J.K. Rowling has been getting a lot of attention in the past couple weeks thanks to her latest novel, The Cuckoo's Calling. It wasn't so much that the famous author of the Harry Potter series had penned a new novel that caught the world's attention, but that she did it with a pseudonym. Once the rumors began that Rowling was indeed Robert Galbraith — the author of the novel about a war veteran who becomes a private investigator — she finally came clean and admitted she had written the book.
The revelation understandably set the publishing world on fire and caused many fans to wonder why Rowling had chosen to write a new novel without her own moniker. Rowling decided to answer those questions by posting a few remarks on the FAQ page for the official Robert Galbraith website.

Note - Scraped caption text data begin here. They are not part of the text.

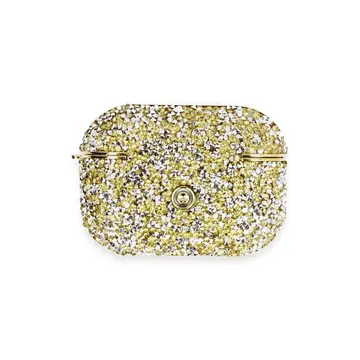 Airpods Pro 2 (2.nesil) Luz Taşlı Kılıf - Gold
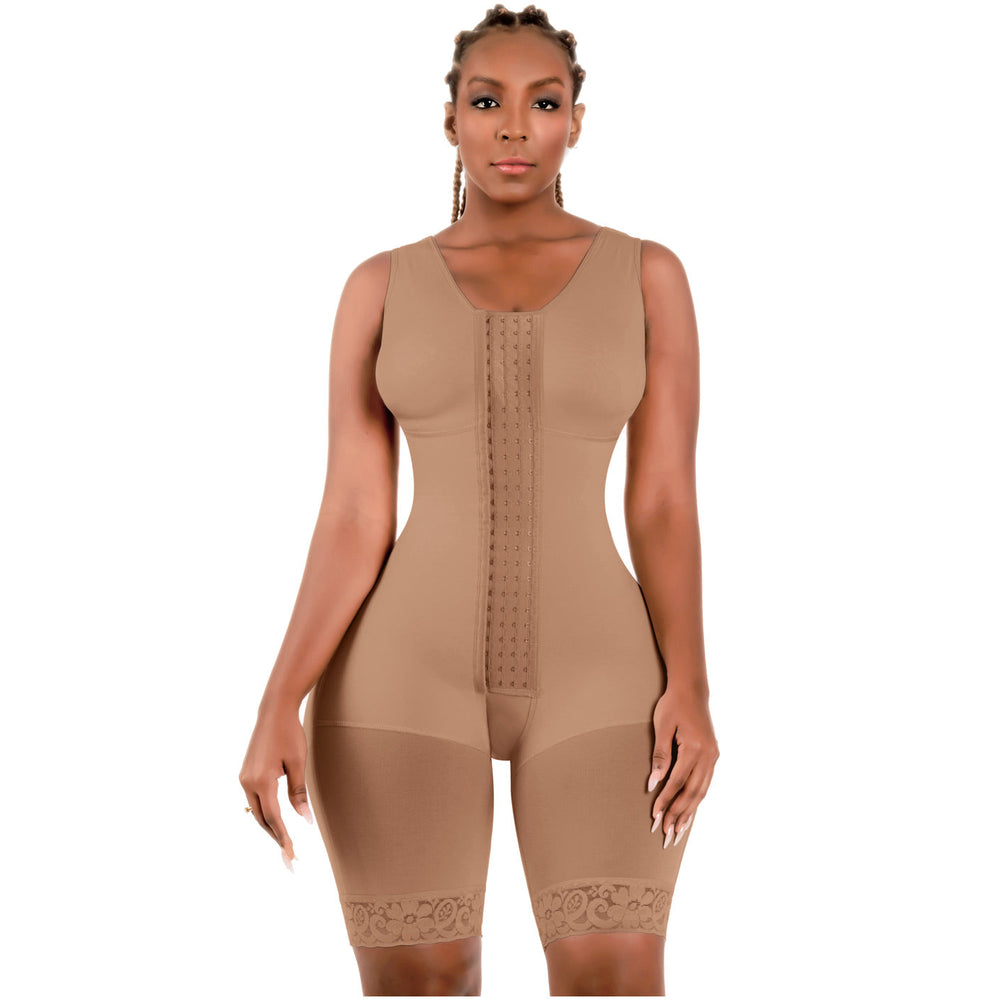 Bling Shapers 553BF | Tummy Control Shapewear | Adjustable 3-row Hooks | Butt Lifter Thigh Slimming Body Shaper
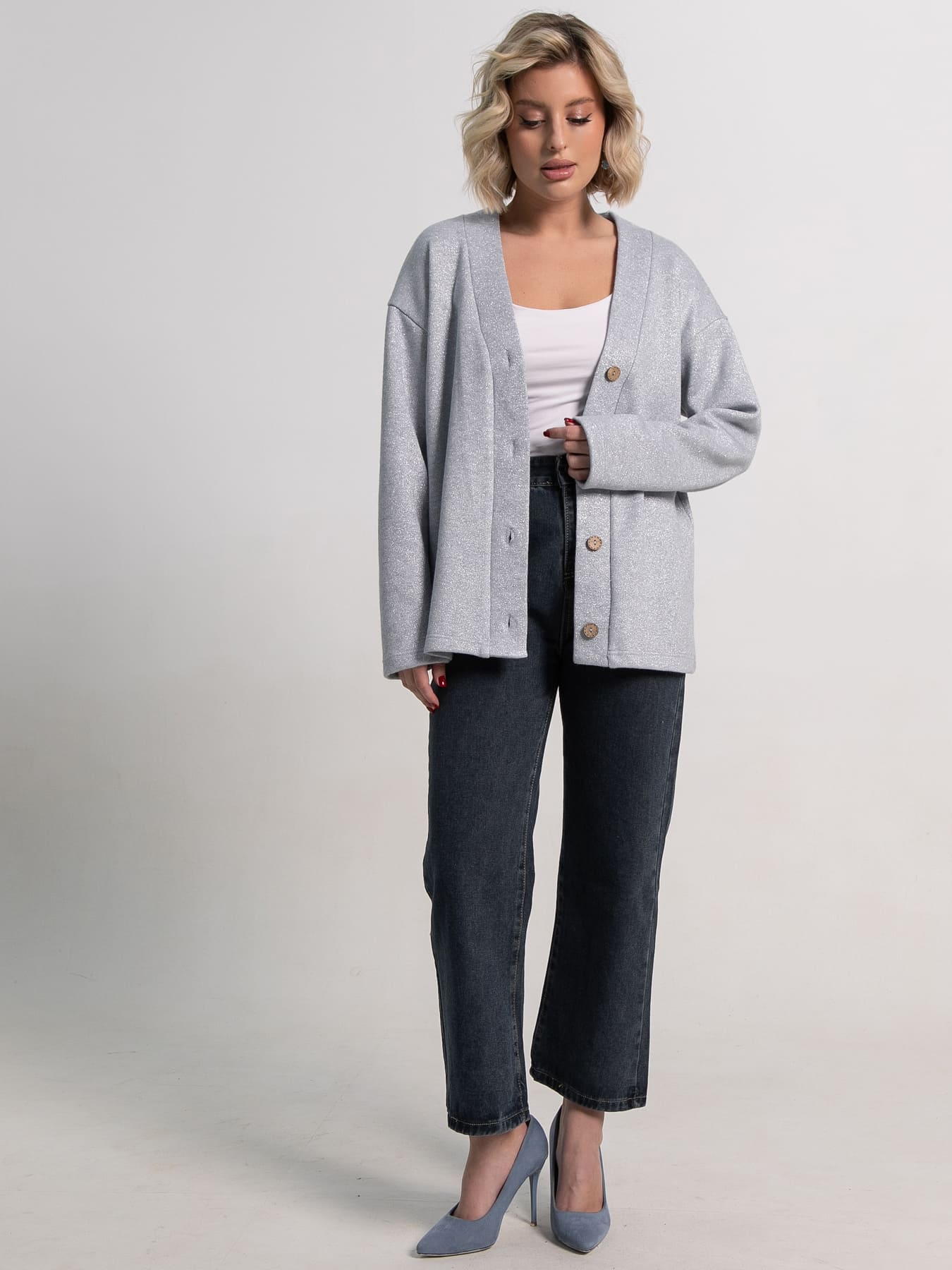 Кардиган Локвуд (голубой) Б15254-45М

To those who believe the entire thing was some big marketing ploy and that Rowling wanted her true identity discovered, she said:
"If anyone had seen the labyrinthine plans I laid to conceal my identity (or indeed my expression when I realized that the game was up!) they would realize how little I wanted to be discovered. I hoped to keep the secret as long as possible." She continued, "This was not a leak or marketing ploy by me, my publisher or agent, both of whom have been completely supportive of my desire to fly under the radar. If sales were what mattered to me most, I would have written under my own name from the start, and with the greatest fanfare."
Regarding why she chose to write the novel at all and why it was done under a pseudonym in the first place, Rowling said:
"I've always loved reading detective fiction. Most of the Harry Potter stories are whodunits at heart (Order of the Phoenix is more of a why-did-he), but I've wanted to try the real thing for a long time. As for the pseudonym, I was yearning to go back to the beginning of a writing career in this new genre, to work without hype or expectation and to receive totally unvarnished feedback. It was a fantastic experience and I only wish it could have gone on a little longer."
Some may have been wondering why Rowling chose to make her pseudonym a man, rather than just choose a woman's pen name. To that question, she said:
"I certainly wanted to take my writing persona as far away as possible from me, so a male pseudonym seemed a good idea. I am proud to say, though, that when I 'unmasked' myself to my editor David Shelley who had read and enjoyed The Cuckoo's Calling without realizing I wrote it, one of the first things he said was 'I never would have thought a woman wrote that.' Apparently I had successfully channeled my inner bloke!"
Perhaps Rowling also took a break from her own name because she didn't want a repeat performance of what happened after she tried publishing her last novel for adults. Though, to be fair, she did warn people that they might not like the book and the critics certainly agreed with that assessment.